From the line that contains "파주 꽃배달 빠른배송" to the final line of the records below, print each line exactly and leave every picture out.

MATERIAL PROVIDED:
===============

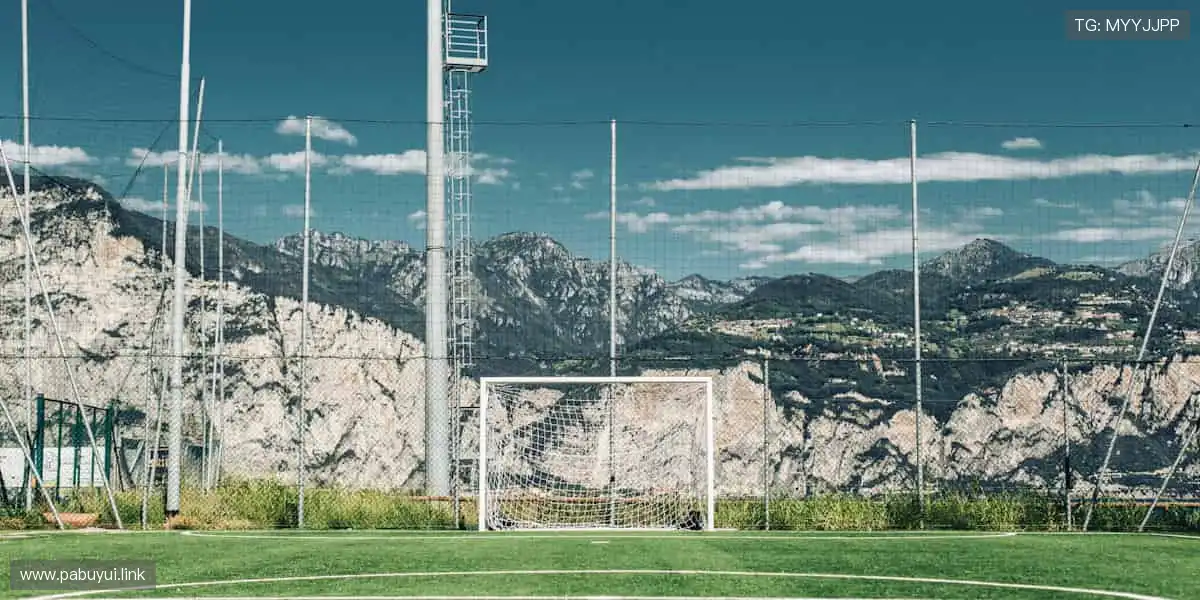 🚀一键直击，精彩永不缺席！🏉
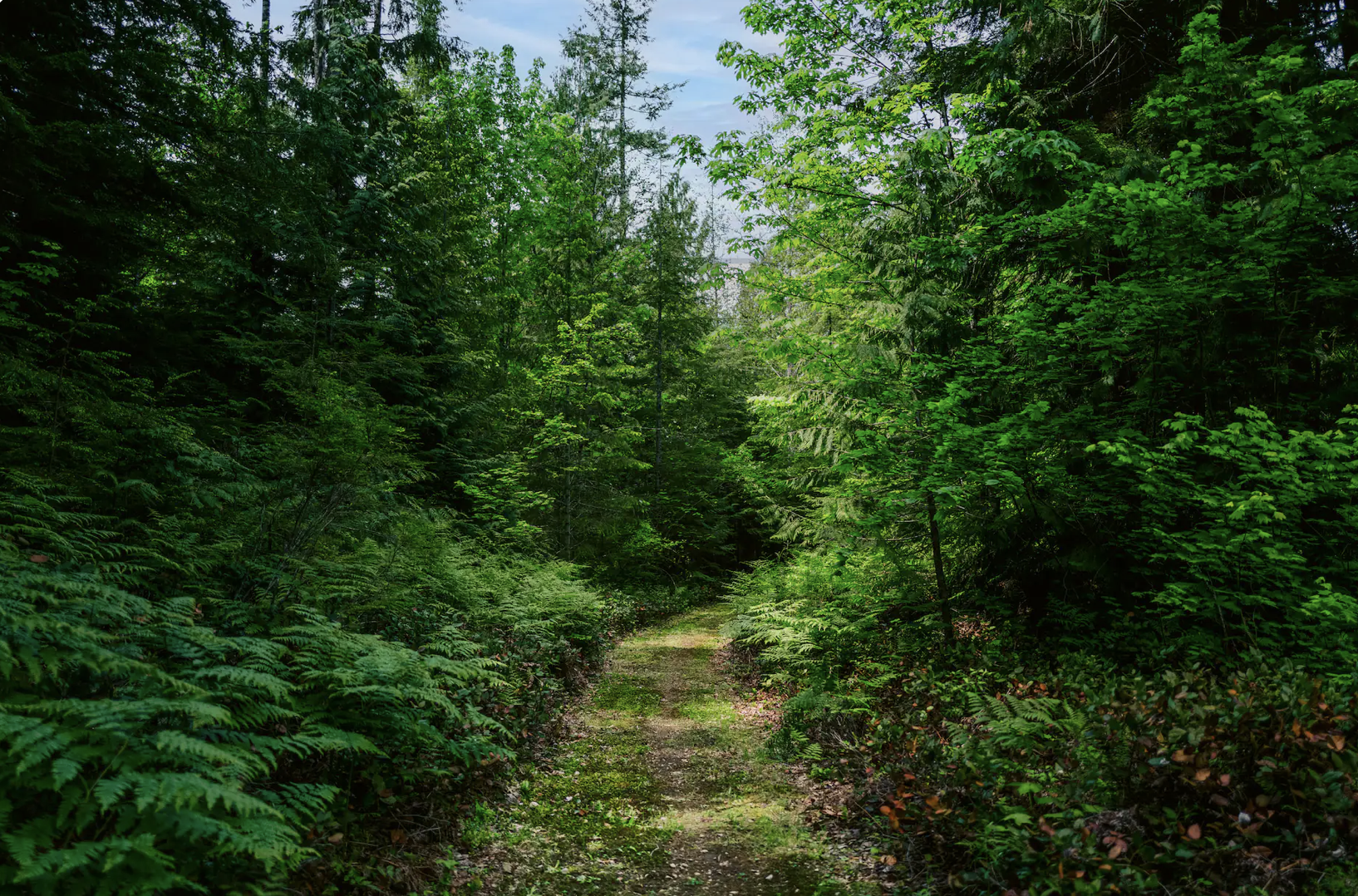 Enjoy the private  loop trails around the 14 acre property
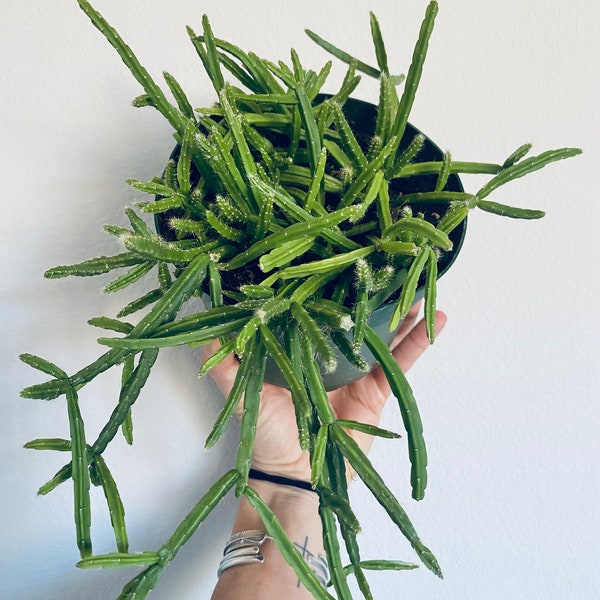 Rare // Rhipsalis Sulcata, 6” hanging pot, EXACT PLANT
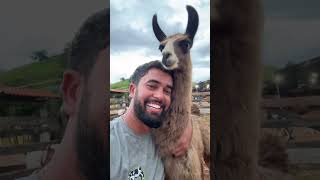 Filhote de lhama brincando !!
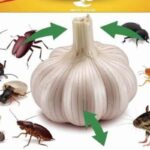 Como usar o ALHO para se livrar de pragas: ratos, moscas, piolhos, baratas, lagartixas, mosquitos e baratas de cozinha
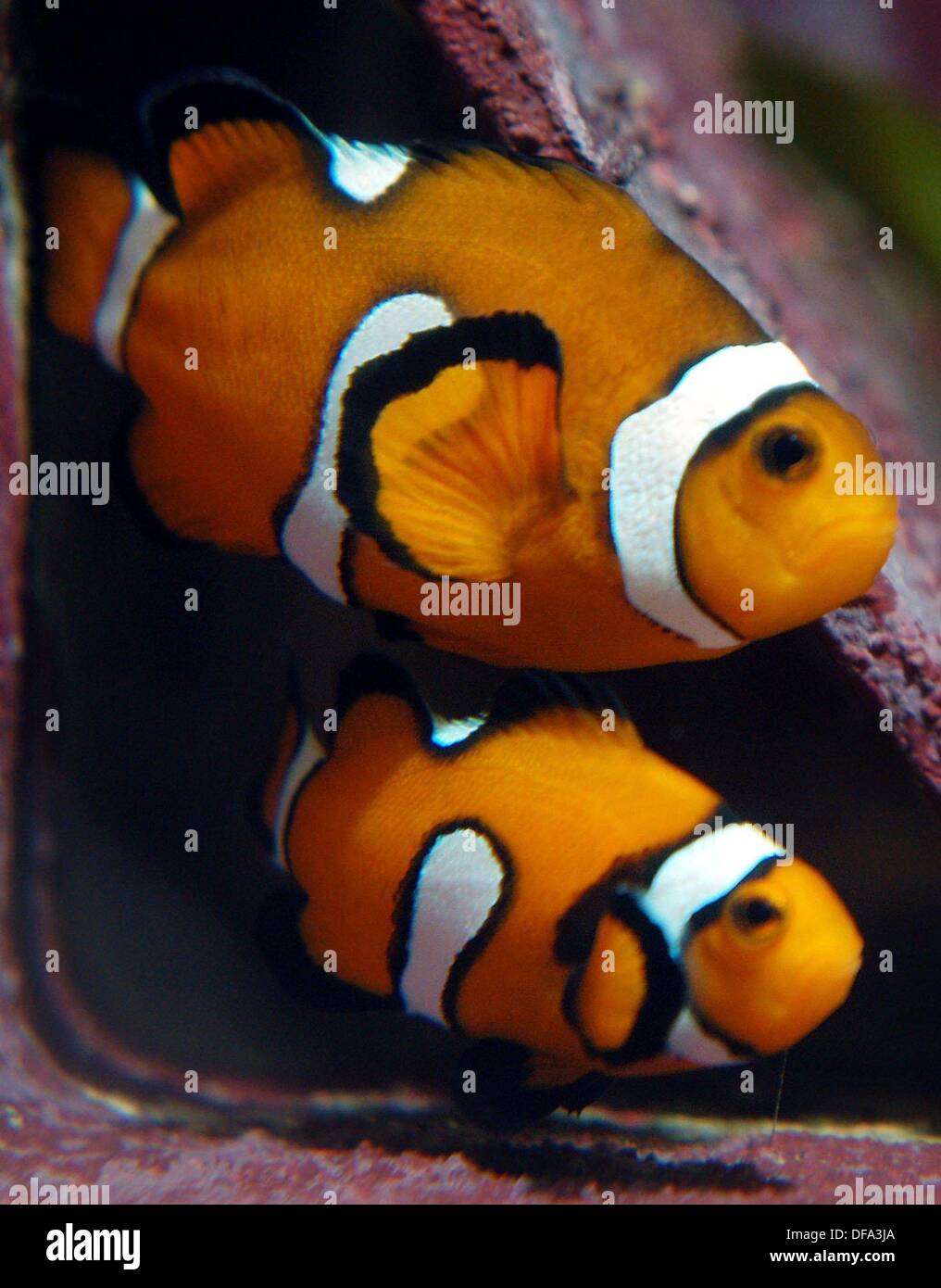 Two clownfish on the 18th of November in 2003. The fish have become famous after the animation movie 'Finding Nemo'. Stock Photo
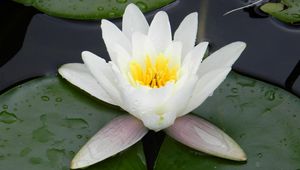 Preview wallpaper water lily, water, droplets, pond, greens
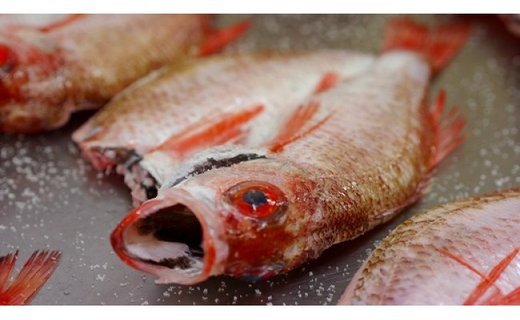 【高級魚「のどぐろ」の最も美味しい旬な季節とは？】島根県や石川県など有名な産地やのどぐろを美味しく食べる方法を解説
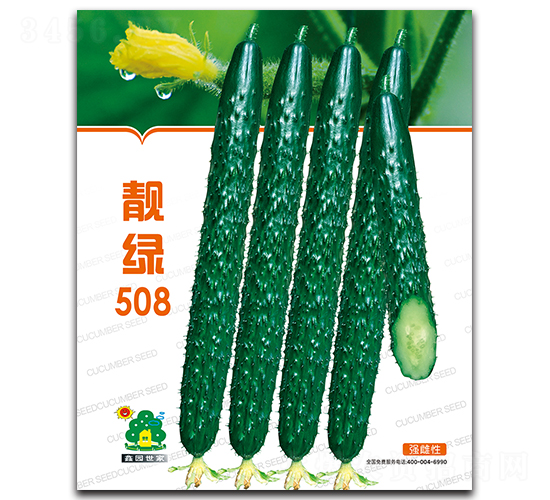 ����508-�ƹ�����-��԰����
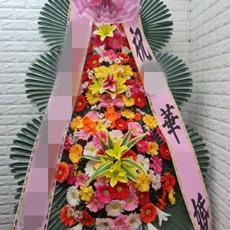 파주 꽃배달 빠른배송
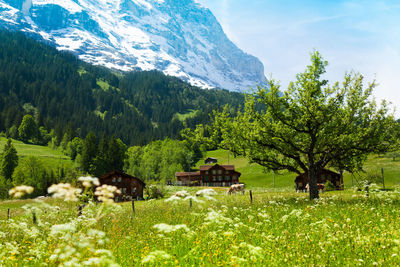 Trees and plants on field against mountains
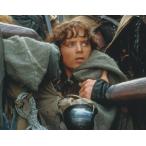  load ob The кольцо качество изображения немного ...ilaija дерево Lord of the Rings фильм фотография импортные товары примерно 20.3x25.4cm 12217r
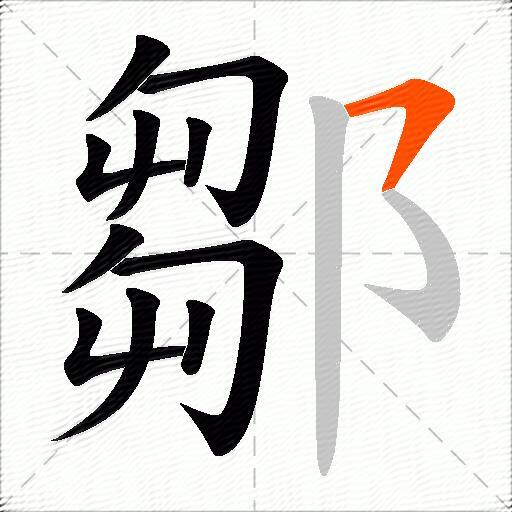鄒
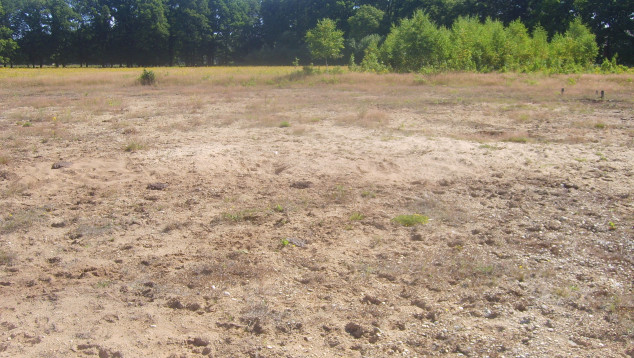 Rijerscamp afgegraven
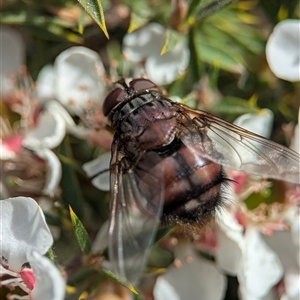 Unverified Blow fly (Calliphoridae) by Miranda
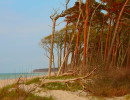 weststrand in herbstfarben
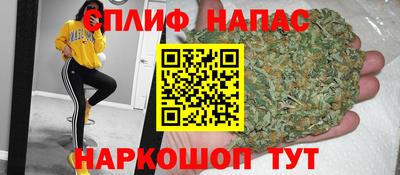 spice Кинель
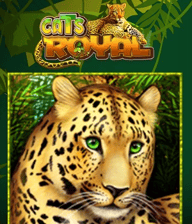 Cats Royal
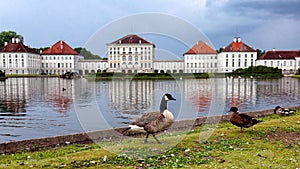 Birds at the Nymphenburg Palace grounds in Munich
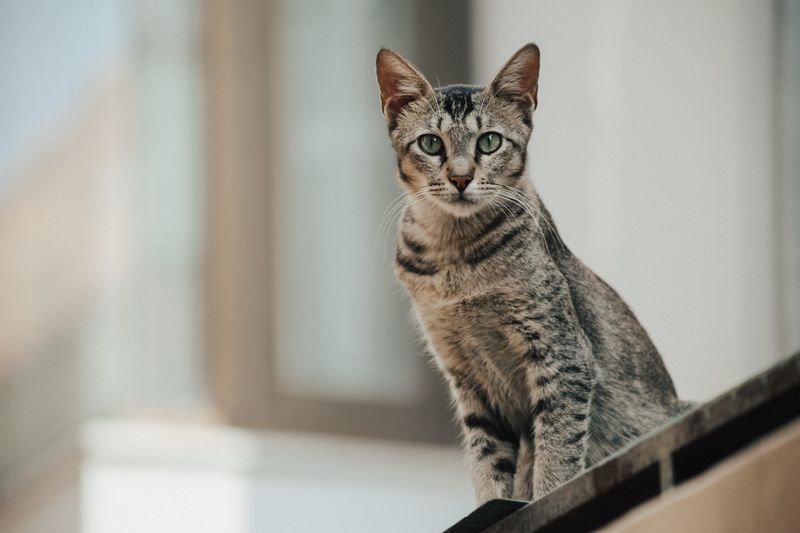 Egyptian Mau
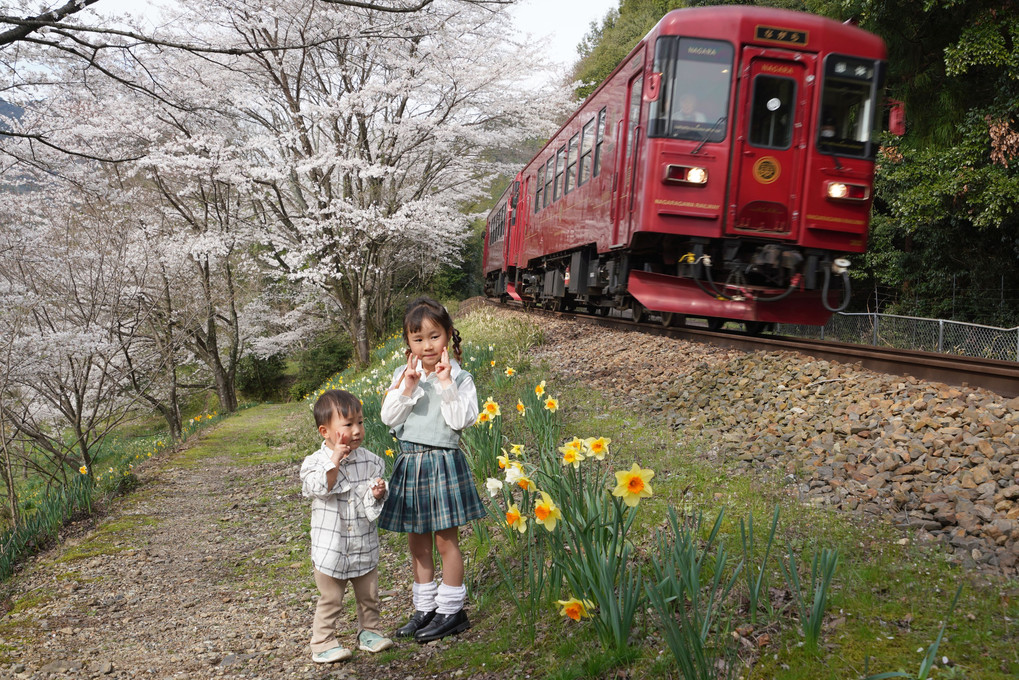桜、水仙、観光列車ながら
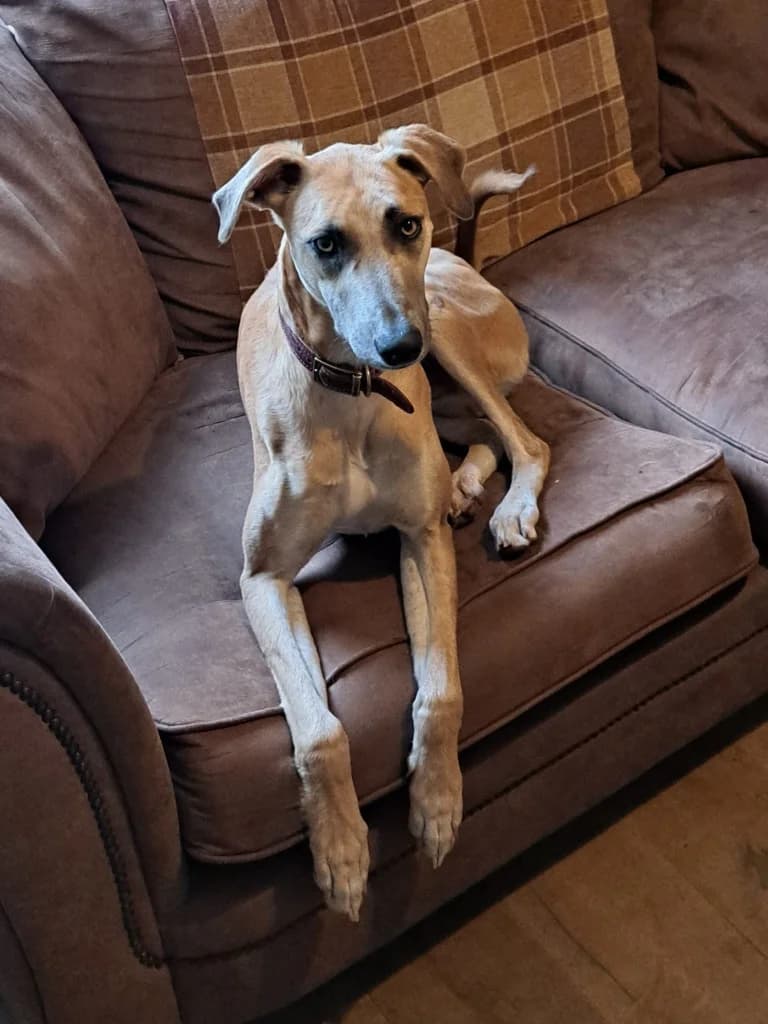 Duke, male young Lurcher for adoption at Greyhound Rescue Wales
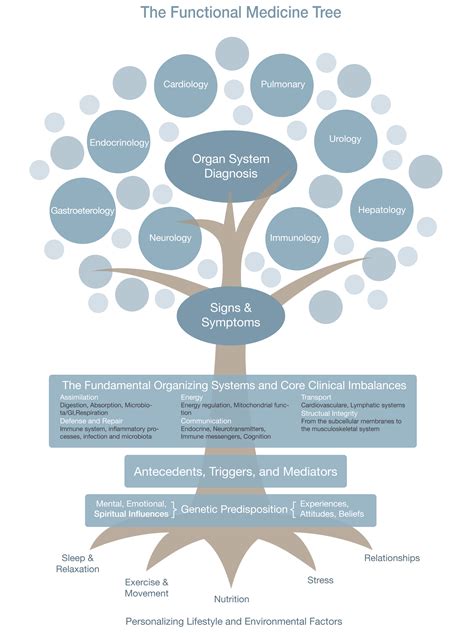 functional medicine tree kaufman health  hormone center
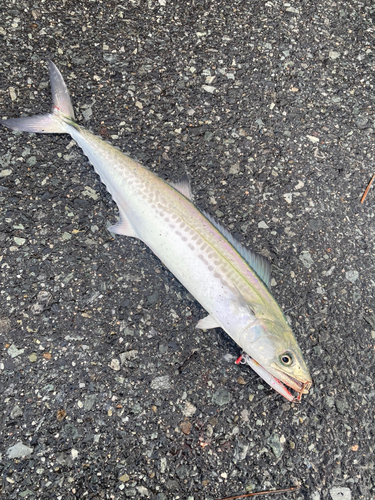 サゴシの釣果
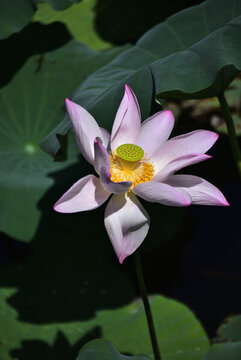 荷花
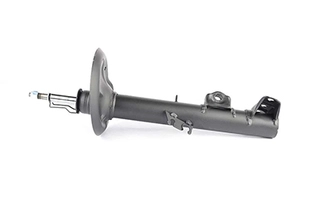 Shock Absorber (BSG 15-300-021)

===============

RESPONSE:
 파주 꽃배달 빠른배송
 Trees and plants on field against mountains
  load ob The кольцо качество изображения немного ...ilaija дерево Lord of the Rings фильм фотография импортные товары примерно 20.3x25.4cm 12217r
鄒
 Rijerscamp afgegraven
 Unverified Blow fly (Calliphoridae) by Miranda
 weststrand in herbstfarben
 spice Кинель
 Cats Royal
 Birds at the Nymphenburg Palace grounds in Munich
 Egyptian Mau
桜、水仙、観光列車ながら
 Duke, male young Lurcher for adoption at Greyhound Rescue Wales
 functional medicine tree kaufman health  hormone center
 サゴシの釣果
 荷花
 Shock Absorber (BSG 15-300-021)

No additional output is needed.